▶ _DIRECTIONS FOR THIS TASK_:
From the entries below, print exactly the span beginning with the line holding "Great Pyrenees-Lab Mix" and ending with the line holding "Cây Quỳnh hay", endpoints included, and skip any pictures.

▶ _MATERIAL FOR THE TASK_:
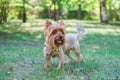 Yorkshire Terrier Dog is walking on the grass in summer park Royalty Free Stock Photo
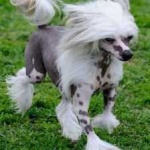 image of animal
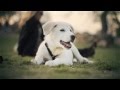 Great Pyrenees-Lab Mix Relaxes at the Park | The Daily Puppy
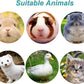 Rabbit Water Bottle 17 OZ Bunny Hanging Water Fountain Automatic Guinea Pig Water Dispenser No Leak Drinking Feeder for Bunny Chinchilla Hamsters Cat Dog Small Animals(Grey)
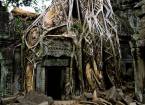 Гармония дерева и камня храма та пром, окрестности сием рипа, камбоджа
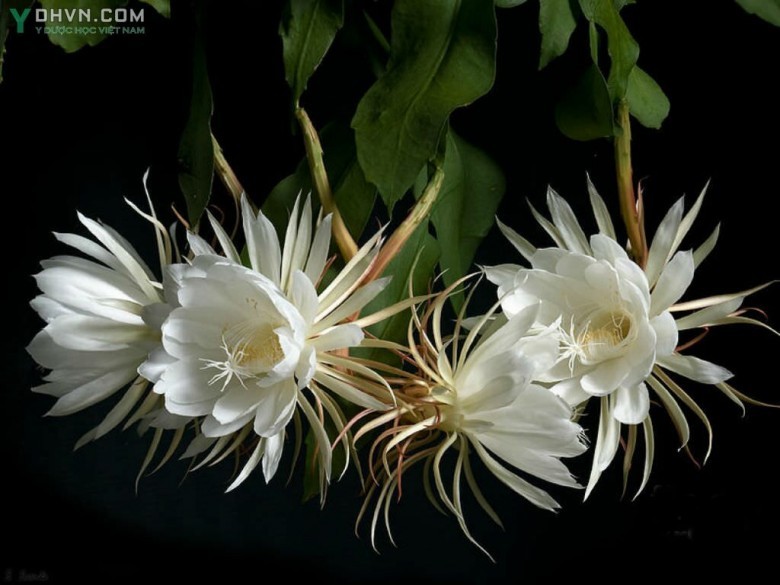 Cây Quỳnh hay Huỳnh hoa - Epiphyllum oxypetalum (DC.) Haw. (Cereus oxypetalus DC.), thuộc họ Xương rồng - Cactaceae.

==

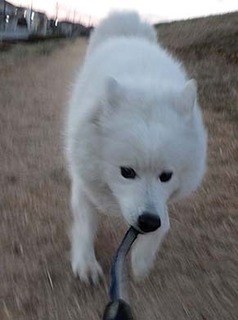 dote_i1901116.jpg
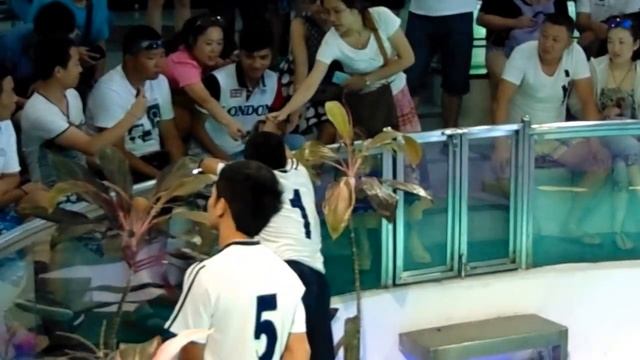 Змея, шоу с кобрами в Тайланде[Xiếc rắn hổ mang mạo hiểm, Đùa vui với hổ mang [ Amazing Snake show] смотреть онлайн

* * *

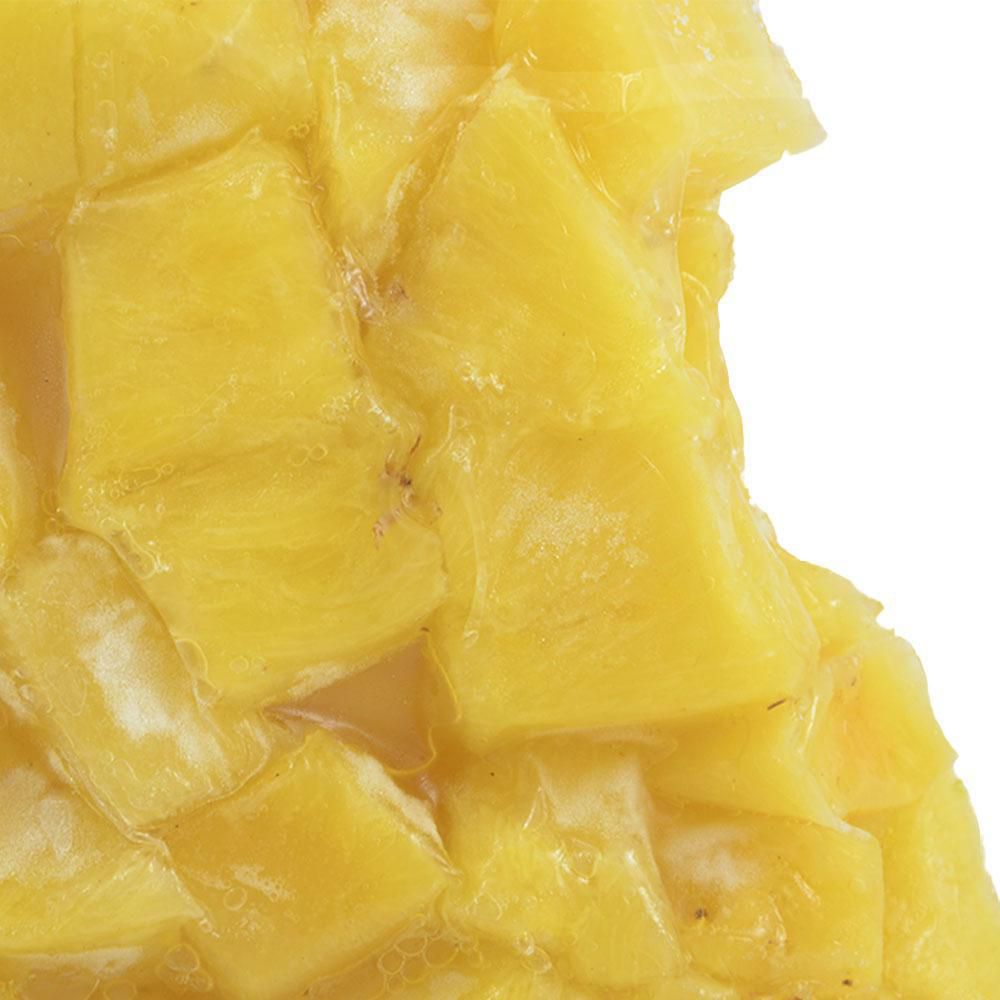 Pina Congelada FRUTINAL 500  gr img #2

▶ _WORKED SOLUTION_:
 Great Pyrenees-Lab Mix Relaxes at the Park | The Daily Puppy
 Rabbit Water Bottle 17 OZ Bunny Hanging Water Fountain Automatic Guinea Pig Water Dispenser No Leak Drinking Feeder for Bunny Chinchilla Hamsters Cat Dog Small Animals(Grey)
 Гармония дерева и камня храма та пром, окрестности сием рипа, камбоджа
 Cây Quỳnh hay Huỳnh hoa - Epiphyllum oxypetalum (DC.) Haw. (Cereus oxypetalus DC.), thuộc họ Xương rồng - Cactaceae.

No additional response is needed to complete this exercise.